Он помолчал недолго. Затем пожевал губами и протянул раздумчиво:
– До сих пор не возьму в разумение: то ли Сталин решил, что Толстой дюже зазнался, и пошутковал над ним злокозненно… то ли Фадееву в минуты белой горячки этот разговор с Иосифом Виссарионычем поблазнился, но – факт: графинчик наш заболел с перепугу. Как жил в страхе, так через свой страх и преставился. Жидковат был. Я, между прочим, тоже не раз ходил под угрозой ареста – ничего, перемогся. Как говорится, плох конь, коль не скачет, а ещё хуже казак, коли плачет. Каждому настанет каюк рано или поздно, ну и что же теперь, дрожать от безвыходности и заранее подготавливать себе могилу?

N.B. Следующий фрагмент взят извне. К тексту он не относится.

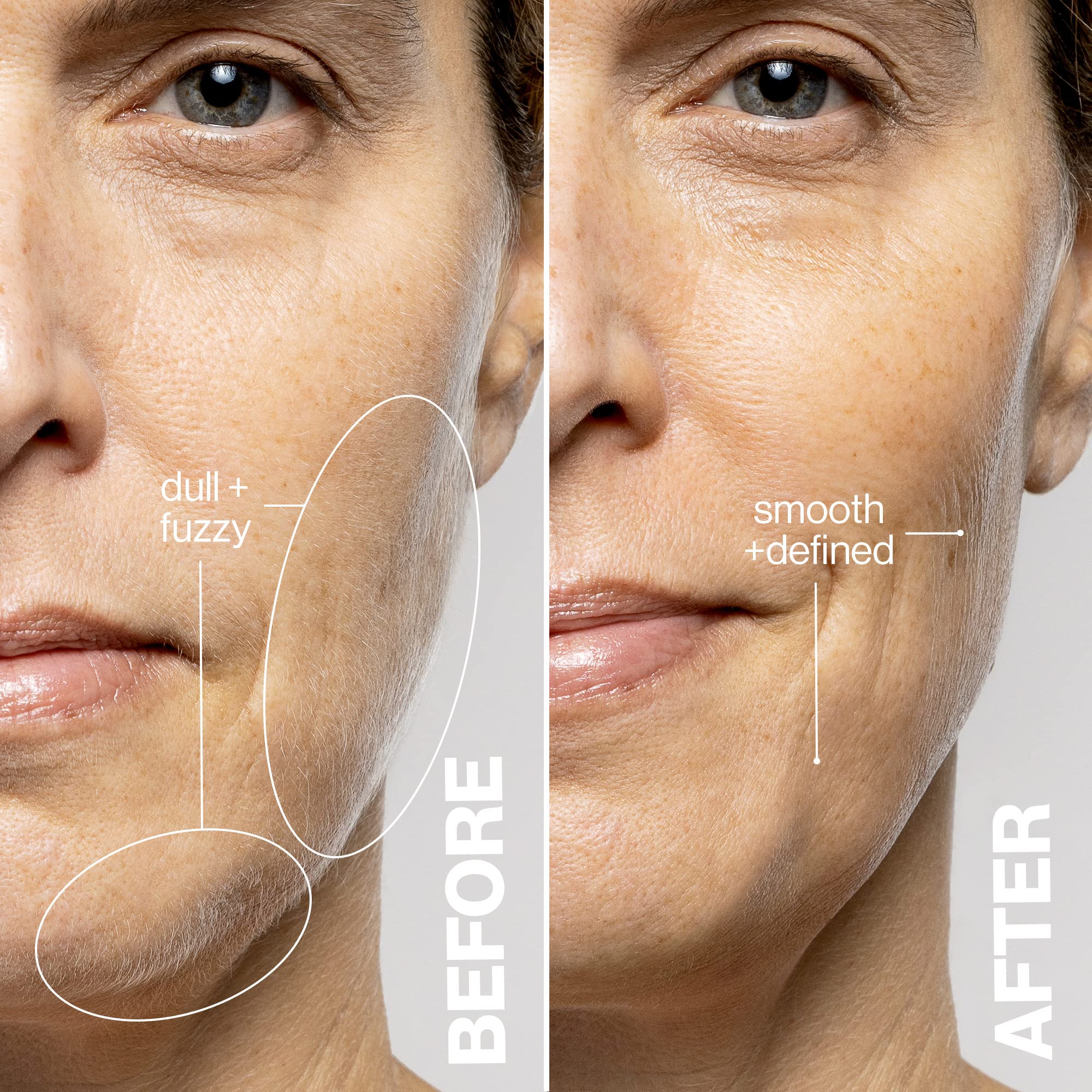 DERMAFLASH LUXE+ Sonic Dermaplaning Tool for Face Peach Fuzz Removal, Anti-Aging and Exfoliation, Stone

Не годится это.
***
– А на Сашку Фадеева я крепко обиделся, – признался он. – Потому что этот собака шелудивый тоже против меня поднялся, когда возбухала травля на «Тихий Дон». Вернее, он раньше всех-то и встал мне поперёк дороги: между Серафимовичем и Панфёровым недолгий срок в «Октябре» редакторствовал Фадеев – так он первоначально и застопорил публикацию романа, а уж чуть погодя Панфёров навалился. Затем собрали правление РАППа, чтобы обсудить мою персону, и Фадеев заявляет с трибуны: мол, из третьей книги «Тихого Дона» надо выбросить тридцать глав – те места, где партиец Штокман требует ужесточить отношение к казачеству, и где казак-старовер рассказывает о бесчинствах комиссара Малкина, и не счесть сколь ещё разного, где я, по его мнению, идеализирую белогвардейщину и кулачество. Каково мне было это слышать, а? Он заявил, что оскорблён концовкой романа в лучших пролетарских чувствах: Шолохов-де столько понаписал, как люди рубили головы друг другу, и ничего не получилось в результате рубки. Экий курбет! А что у Сашки-то самого получилось? «Молодая гвардия», на которую материалы собирал целый кагал историков и энкавэдэшников? Или «Разгром» прескучный? «Последний из удэге» – без проблеска интереса, да и тот не закончил, потому как писалось ему из-за водки всё тяжельше и тяжельше… Вот он, Сашка, в итоге и оказался этим последним из удэге. Хотя отдаю должное: в двадцать девятом году, когда газета «Правда» опубликовала коллективный протест против моих обвинений в плагиате, его – вместе с Серафимовичем, Ставским и другими – Фадеев-таки подписал. Или я об этом уже поминал? Та ладно, хорошее дело и не раз можно помянуть человеку, тем более такому, об котором, почитай, ни единая живая душа зараз добром не отзовётся… Нет, всё же не были мы с ним согласниками, это факт.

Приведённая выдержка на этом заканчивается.